*** Opening Input for this task ***

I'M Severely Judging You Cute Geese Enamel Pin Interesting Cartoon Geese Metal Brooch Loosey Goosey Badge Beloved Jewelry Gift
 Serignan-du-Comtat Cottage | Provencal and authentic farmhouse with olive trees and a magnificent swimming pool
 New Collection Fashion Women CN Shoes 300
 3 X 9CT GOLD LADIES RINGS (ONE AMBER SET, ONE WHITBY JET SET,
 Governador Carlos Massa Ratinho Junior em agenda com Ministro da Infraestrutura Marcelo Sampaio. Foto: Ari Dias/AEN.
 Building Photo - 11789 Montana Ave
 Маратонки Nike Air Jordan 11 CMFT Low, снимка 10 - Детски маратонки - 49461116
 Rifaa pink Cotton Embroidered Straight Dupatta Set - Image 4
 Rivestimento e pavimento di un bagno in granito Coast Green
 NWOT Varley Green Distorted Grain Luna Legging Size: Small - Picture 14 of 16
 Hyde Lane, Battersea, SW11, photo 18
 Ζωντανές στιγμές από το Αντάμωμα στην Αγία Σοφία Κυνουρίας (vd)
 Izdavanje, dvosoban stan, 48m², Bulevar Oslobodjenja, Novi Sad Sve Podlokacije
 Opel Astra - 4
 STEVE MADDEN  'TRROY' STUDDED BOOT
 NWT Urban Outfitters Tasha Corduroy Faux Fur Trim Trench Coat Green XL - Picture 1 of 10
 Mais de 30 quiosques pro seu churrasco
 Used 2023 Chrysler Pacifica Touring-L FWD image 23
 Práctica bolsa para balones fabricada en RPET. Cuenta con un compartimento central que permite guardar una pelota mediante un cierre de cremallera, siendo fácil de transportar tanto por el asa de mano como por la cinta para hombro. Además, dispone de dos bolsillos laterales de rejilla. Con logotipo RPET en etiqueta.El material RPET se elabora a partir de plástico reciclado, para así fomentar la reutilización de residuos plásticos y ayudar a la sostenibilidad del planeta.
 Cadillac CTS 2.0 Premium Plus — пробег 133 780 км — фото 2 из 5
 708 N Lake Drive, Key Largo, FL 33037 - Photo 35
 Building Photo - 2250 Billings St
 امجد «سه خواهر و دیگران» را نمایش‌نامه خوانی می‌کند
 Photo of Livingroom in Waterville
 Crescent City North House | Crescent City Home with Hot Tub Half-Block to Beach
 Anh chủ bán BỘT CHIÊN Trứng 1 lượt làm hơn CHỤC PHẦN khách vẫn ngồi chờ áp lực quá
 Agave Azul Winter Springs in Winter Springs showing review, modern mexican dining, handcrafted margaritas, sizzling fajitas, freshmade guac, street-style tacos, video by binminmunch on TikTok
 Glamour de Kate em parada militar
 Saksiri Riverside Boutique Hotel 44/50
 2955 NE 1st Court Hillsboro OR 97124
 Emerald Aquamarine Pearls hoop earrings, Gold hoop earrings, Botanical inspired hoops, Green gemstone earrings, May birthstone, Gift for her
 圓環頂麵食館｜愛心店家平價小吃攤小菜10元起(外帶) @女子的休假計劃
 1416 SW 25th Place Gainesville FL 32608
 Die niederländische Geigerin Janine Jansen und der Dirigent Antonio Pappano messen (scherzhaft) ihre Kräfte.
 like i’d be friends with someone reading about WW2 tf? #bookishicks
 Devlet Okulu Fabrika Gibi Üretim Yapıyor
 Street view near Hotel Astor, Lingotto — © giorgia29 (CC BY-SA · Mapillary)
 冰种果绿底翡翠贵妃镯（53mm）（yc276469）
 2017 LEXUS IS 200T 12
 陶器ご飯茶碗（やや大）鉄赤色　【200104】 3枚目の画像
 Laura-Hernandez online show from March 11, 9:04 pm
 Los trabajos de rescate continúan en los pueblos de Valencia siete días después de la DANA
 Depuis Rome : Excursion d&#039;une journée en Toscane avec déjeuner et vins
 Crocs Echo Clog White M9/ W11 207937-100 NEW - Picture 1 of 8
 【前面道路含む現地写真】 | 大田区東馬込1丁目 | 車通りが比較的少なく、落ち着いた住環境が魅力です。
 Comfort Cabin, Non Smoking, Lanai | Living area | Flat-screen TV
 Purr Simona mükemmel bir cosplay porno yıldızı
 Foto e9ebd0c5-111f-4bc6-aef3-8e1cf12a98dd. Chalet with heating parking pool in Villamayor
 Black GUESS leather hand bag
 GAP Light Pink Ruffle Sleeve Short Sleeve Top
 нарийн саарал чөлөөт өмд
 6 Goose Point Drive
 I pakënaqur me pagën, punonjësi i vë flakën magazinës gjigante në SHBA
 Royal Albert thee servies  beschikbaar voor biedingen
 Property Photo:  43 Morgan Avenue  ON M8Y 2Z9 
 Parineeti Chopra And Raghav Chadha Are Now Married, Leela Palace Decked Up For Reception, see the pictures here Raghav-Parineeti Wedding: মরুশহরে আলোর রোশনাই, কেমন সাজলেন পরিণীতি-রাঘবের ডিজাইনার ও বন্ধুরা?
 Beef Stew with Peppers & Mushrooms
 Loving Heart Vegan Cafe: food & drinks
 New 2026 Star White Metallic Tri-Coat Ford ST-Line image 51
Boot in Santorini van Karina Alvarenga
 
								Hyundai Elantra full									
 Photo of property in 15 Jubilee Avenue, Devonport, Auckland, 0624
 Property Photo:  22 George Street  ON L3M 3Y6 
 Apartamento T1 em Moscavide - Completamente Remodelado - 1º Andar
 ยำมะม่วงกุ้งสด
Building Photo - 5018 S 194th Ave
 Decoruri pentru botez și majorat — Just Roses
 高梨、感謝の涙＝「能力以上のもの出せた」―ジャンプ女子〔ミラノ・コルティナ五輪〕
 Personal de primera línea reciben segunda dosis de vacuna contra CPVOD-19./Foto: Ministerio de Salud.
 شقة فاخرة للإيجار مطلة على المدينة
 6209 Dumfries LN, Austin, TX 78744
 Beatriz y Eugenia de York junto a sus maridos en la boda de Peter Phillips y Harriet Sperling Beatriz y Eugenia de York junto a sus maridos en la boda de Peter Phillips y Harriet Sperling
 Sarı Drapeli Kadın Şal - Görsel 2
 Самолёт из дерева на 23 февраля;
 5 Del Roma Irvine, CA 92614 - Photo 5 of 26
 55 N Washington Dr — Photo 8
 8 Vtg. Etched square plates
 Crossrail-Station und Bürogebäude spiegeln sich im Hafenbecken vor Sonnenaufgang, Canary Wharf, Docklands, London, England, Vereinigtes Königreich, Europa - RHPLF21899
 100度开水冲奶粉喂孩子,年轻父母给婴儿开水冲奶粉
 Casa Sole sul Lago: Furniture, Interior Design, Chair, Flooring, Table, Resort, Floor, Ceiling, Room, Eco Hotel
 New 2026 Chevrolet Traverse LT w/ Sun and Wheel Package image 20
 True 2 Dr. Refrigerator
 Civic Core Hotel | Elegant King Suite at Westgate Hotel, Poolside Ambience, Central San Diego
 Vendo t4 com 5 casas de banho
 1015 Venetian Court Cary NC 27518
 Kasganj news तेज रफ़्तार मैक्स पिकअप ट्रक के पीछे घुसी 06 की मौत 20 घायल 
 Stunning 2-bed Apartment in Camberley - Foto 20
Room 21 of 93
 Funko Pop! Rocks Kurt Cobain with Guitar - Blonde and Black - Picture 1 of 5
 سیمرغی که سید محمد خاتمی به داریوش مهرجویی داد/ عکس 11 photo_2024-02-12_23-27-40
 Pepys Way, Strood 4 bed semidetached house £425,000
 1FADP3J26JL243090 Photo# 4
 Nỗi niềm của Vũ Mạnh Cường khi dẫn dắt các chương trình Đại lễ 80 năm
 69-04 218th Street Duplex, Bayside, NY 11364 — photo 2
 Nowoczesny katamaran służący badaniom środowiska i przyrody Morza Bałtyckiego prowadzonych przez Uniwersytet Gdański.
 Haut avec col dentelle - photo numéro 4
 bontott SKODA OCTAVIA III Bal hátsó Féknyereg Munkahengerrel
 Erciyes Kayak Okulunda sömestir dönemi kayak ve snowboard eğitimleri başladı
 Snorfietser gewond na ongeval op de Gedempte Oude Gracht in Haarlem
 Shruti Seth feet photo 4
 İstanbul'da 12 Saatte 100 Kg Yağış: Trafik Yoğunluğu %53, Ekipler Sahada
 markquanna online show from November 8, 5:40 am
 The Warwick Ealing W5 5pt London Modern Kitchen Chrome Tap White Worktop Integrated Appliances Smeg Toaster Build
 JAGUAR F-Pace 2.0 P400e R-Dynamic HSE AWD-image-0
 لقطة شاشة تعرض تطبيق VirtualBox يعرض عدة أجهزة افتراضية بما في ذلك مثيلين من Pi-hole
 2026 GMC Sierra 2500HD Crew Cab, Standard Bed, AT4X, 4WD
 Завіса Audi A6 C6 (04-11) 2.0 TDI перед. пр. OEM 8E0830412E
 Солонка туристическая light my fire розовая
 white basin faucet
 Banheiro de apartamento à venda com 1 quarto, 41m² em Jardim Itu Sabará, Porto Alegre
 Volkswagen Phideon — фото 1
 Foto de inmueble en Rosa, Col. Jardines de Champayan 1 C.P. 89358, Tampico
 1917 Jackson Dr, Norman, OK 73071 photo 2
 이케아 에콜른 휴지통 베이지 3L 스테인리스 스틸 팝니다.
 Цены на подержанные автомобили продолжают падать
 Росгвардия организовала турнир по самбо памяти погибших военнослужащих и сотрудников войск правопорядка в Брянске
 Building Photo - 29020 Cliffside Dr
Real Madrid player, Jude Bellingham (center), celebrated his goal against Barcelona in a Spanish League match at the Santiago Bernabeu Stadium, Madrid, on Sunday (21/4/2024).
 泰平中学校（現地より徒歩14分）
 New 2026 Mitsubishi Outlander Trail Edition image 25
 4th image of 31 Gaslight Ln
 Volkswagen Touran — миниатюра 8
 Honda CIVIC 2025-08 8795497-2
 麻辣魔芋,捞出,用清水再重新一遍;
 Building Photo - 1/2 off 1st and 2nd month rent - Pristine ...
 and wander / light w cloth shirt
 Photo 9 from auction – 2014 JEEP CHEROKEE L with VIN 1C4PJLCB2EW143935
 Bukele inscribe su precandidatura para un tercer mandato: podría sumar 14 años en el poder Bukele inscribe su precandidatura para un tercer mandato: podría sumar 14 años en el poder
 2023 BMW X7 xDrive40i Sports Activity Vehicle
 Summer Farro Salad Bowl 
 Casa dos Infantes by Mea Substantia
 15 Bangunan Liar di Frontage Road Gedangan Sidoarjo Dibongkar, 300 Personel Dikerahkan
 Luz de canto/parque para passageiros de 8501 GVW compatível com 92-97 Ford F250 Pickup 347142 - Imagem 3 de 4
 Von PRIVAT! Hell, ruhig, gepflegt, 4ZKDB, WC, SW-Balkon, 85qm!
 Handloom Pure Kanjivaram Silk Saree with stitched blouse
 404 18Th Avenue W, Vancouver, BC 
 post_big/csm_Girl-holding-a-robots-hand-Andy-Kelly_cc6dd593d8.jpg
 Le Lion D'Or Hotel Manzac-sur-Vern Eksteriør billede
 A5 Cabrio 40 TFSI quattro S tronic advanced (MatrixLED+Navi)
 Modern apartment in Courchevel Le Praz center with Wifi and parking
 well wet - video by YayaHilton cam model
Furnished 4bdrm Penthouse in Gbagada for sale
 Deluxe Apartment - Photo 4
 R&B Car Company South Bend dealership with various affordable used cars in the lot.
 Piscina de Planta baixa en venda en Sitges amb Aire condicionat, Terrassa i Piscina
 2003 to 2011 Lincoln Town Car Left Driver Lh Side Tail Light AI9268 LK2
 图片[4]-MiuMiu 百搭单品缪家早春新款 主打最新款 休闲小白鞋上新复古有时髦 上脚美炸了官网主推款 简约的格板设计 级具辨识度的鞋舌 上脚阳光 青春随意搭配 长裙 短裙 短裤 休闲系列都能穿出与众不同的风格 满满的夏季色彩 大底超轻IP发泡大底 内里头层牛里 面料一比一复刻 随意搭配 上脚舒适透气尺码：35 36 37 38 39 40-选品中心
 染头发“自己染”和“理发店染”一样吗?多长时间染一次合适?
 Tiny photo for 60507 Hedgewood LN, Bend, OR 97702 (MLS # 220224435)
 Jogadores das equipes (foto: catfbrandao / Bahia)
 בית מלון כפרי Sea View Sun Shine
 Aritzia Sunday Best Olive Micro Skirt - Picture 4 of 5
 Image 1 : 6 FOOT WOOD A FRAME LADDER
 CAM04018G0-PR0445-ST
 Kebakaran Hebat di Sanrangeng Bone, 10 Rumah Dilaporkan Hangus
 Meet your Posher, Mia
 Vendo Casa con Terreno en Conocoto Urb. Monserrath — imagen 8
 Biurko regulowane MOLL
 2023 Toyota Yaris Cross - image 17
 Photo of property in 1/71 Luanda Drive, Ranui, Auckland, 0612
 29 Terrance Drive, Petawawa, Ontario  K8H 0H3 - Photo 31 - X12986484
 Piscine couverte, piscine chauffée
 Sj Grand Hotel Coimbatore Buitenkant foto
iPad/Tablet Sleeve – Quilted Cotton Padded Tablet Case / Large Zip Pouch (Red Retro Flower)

*** Closing Input for this task ***

Please repeat each line from the one with "2023 Toyota Yaris Cross - image 17" through the last line of the data above, and add nothing.

 2023 Toyota Yaris Cross - image 17
 Photo of property in 1/71 Luanda Drive, Ranui, Auckland, 0612
 29 Terrance Drive, Petawawa, Ontario  K8H 0H3 - Photo 31 - X12986484
 Piscine couverte, piscine chauffée
 Sj Grand Hotel Coimbatore Buitenkant foto
iPad/Tablet Sleeve – Quilted Cotton Padded Tablet Case / Large Zip Pouch (Red Retro Flower)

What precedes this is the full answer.